と云う事は、其れだけ、真は己の策に自信を持っているのだ。
――其れに、真殿の策を御伝えした時、陛下は笑って居られた。
「そうか、分かったよ」
と穏やかに言われたきり、不安も疑問も、何も口にされなかった。
つまり陛下は、真殿が霧を最大限に利用すると即座に見抜かれ、そして此の突拍子も無い策が成功する、と信じられたのだ。
――陛下が真殿を信じておられるのだ。
御二人と共に、一番、戦場を巡ってきている俺が信じずにいて、どうする。
「分かった、此れ以上、何も疑問も不満も出さん」
きっ、と唇を硬くする芙に、有難う御座います、と言いながら真は笑いかける。
そして、互いに火花を散らしあっている烈と斬を交互に見て、やれやれ、成長というものなさらない御二方ですね、と笑う。

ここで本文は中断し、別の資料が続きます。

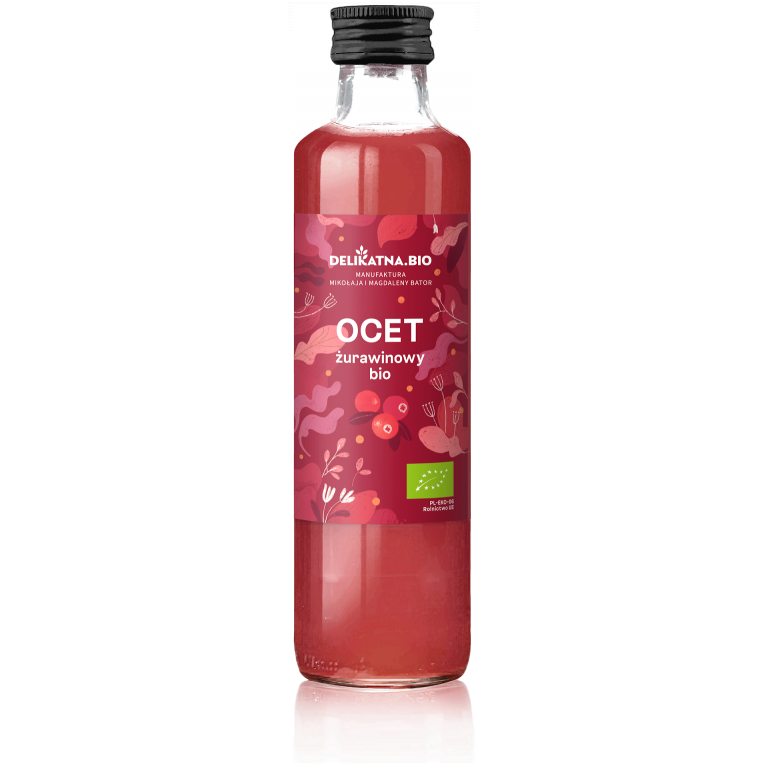 OCET ŻURAWINOWY BIO 250 ml - DELIKATNA (ZAKWASOWNIA)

「さて。問題は王城の方ですが……どうなりますかね……」
「――ん?」
「卑怯者となられるか、臆病者となられるか。其れとも、愚者となられるか。烈殿下と斬殿下は、どの道を選ばれるかは分かりませんが……まあ、どうなろうと其れは闘陛下の王としての力量、人物による処ですからね」
私の責任ではありません、と小さく呟く真を、芙は初めて出会った人物を見るような瞳でまじまじと見詰めた。